Terna è il primo operatore “indipendente” in Europa per lunghezza di elettrodotti con 74.669 km di linee, 888 stazioni di smistamento, 1 centro nazionale di controllo, 3 centri di teleconduzione, 26 linee di interconnessione con l’estero, il cavo sottomarino più profondo del mondo.
Tutto questo è successo perché la proprietà delle reti è diventata un titolo di proprietà da negoziare in Borsa, per “attirare” gli investimenti esteri. Come se fossimo costantemente mendicanti mentre siamo la quarta potenza mondiale, i quarti detentori di riserve auree, e i primi in tante cose. O eravamo. Non certo i primi a difenderci e a difendere i confini di tutti i tipi di questo nostro Paese. O un certo modello culturale. Anche economico.
Il rinnovo dei patti parasociali poteva essere revocato il 4 agosto di quest’anno, con un preavviso di 6 mesi, ma il governo della “digitalizzazione” forzata e della Via della Seta, se n’è guardato bene. Anzi, il 4 marzo iniziavano i lockdown mentre aumentavano la posa di antenne 5G.
Si sappia che la “smart city” che a nostra insaputa, a nostro discapito, e sulle nostre spalle viene costruita a Milano come modello, a Torino, e in tutte le città d’Italia ha bisogno della rete elettrica per sviluppare il 5G. Engie, derivante dalla megafusione anti-concorrenza permessa nel 2008 da Bruxelles tra Suez (Rotschilds) e Gaz de France (Stato francese), sta piazzando lampioni a led ovunque nelle nostre città e nel belpaese, poiché saranno antenne 5G. Microsoft ha stipulato patti con Poste italiane, Snam e Italgas, per digitalizzare le infrastrutture di rete…

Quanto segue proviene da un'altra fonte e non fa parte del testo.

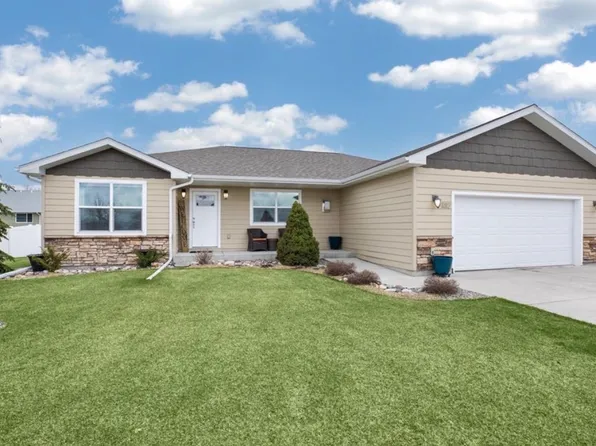 1312 Dixie Ln, Great Falls, MT 59404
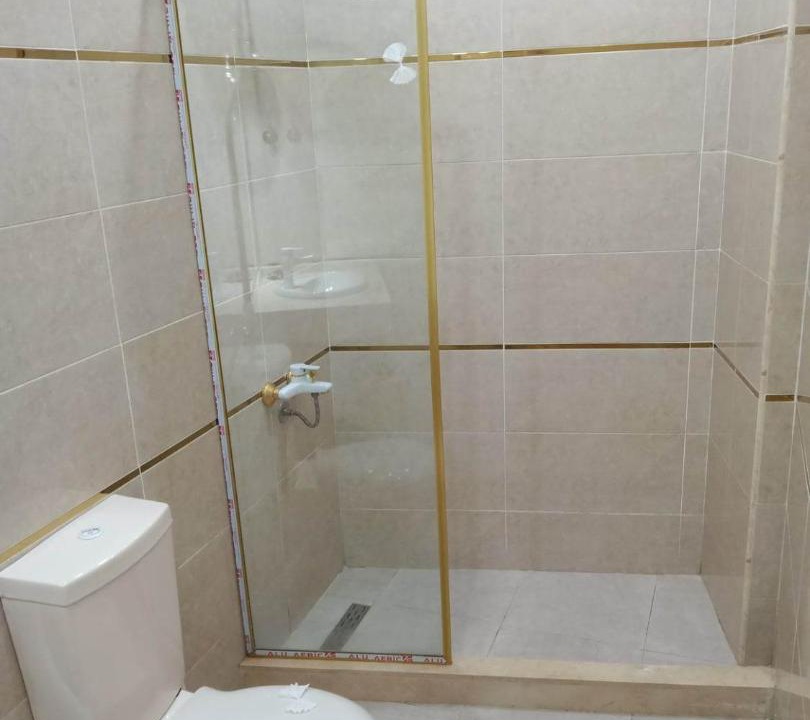 Photo of Bathroom in Qasr an-Nil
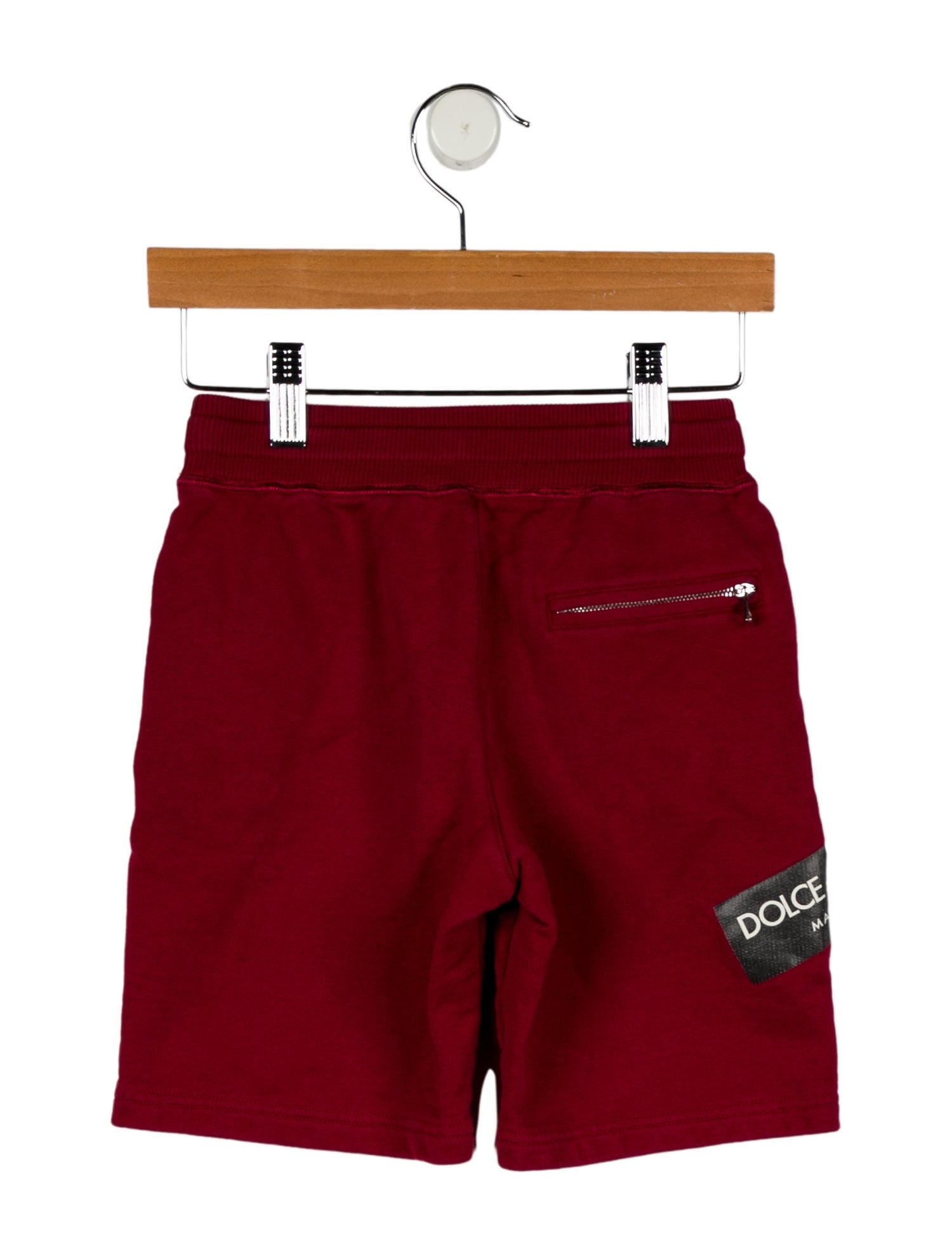 Dolce & Gabbana Boys' Sweat Shorts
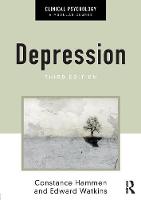 Depression: Third Edition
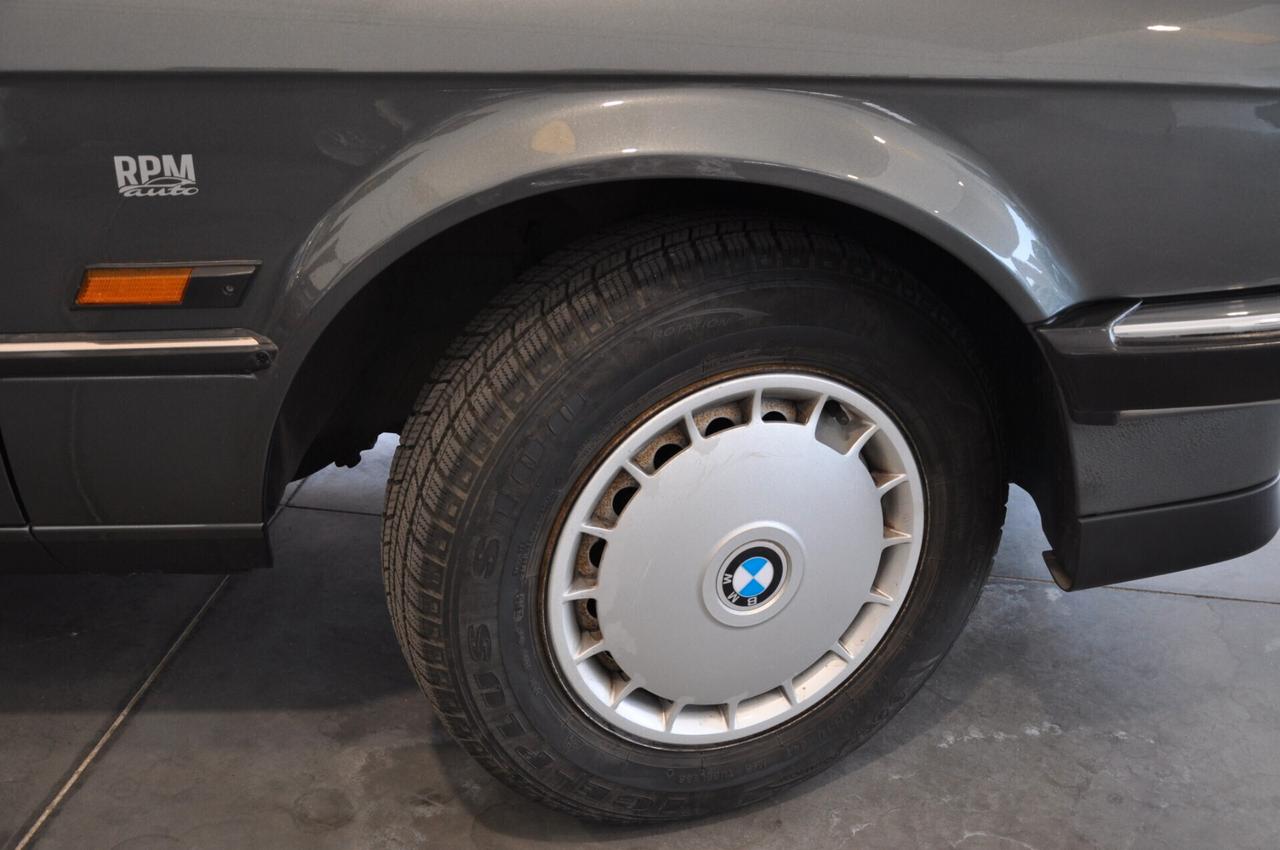 Bmw 316 4 porte
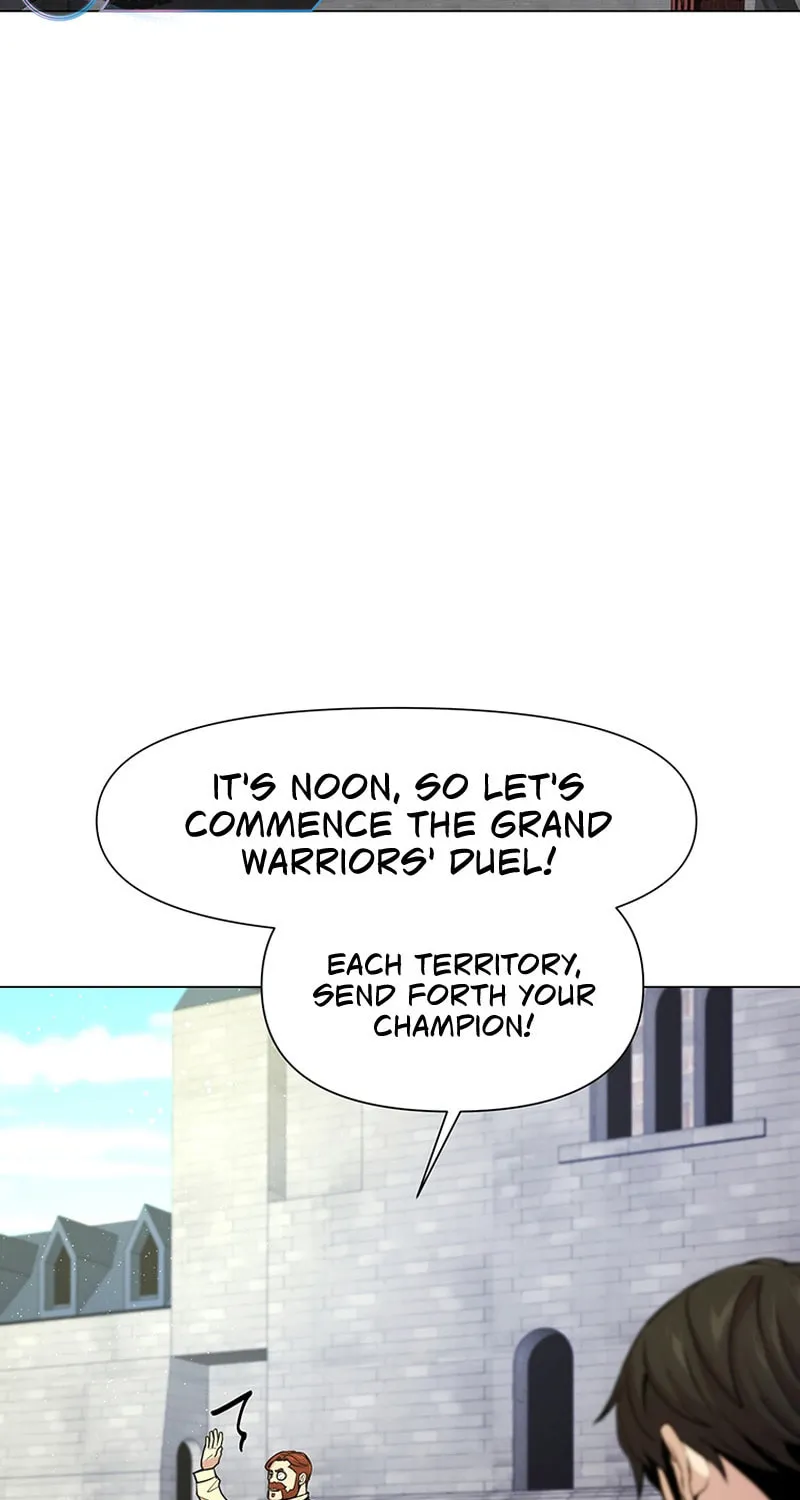 Martial Arts Alone Chapter 41 page 7 -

Il 5G serve a spianare la strada alla quarta rivoluzione industriale, come la chiamano al World Economic Forum, attraverso un “grande Reset”, che stiamo vivendo in pieno, grazie al “Cov-id” che serve a traghettarci – in modo brutale – alla moneta digitale (con l’aiuto della pandemia) e a costringere tutti a un vaccino che vuole essere una sorta di passaporto digitale mondiale cucito addosso, con i dati sanitari, anagrafici e finanziari in una unica app e/o “device” sulla pelle. Sembra fantascienza, eh? E invece, no.
Già è partito il common pass, voluto dalla Rockefeller Foundation che è una app sullo smartphone per certificare di essere negativi al tampone, e poi vaccinati: è già in sperimentazione in alcuni aeroporti e con alcune linee aeree.
E questo progetto di nuovo governo mondiale avviene attraverso la potenza di fuoco della Cina, che grazie alla sua stampa moneta diretta, ha potuto espandersi nel mondo ma solo in virtù di accordi con gli storici controllori della moneta che fino a ieri erano quelli del petrodollaro – e i loro sceicchi arabi – che stanno cambiando cavallo. Essi che scommettono sempre su due cavalli e lasciano sempre i piedi in due staffe, stanno utilizzando la testa della Cina per attuare questo disegno. Prendendo di mira l’Italia con Venezia come hub della Via della Seta, e utilizzarci come piede di porco per penetrare il resto dell’Europa. Anche tramite la City di Londra. Perché questo è il loro patto: le partnership nelle filiali delle multinazionali con azionisti anonimi che si inseriscono ai vari gradi gerarchici delle scatole cinesi. Che, in questo caso, si esprime con le due filiali a Hong Kong e Londra.
Questa è la posta in gioco, questo il filo rosso delle scatole cinesi. Siamo ancora in tempo per rendercene davvero conto?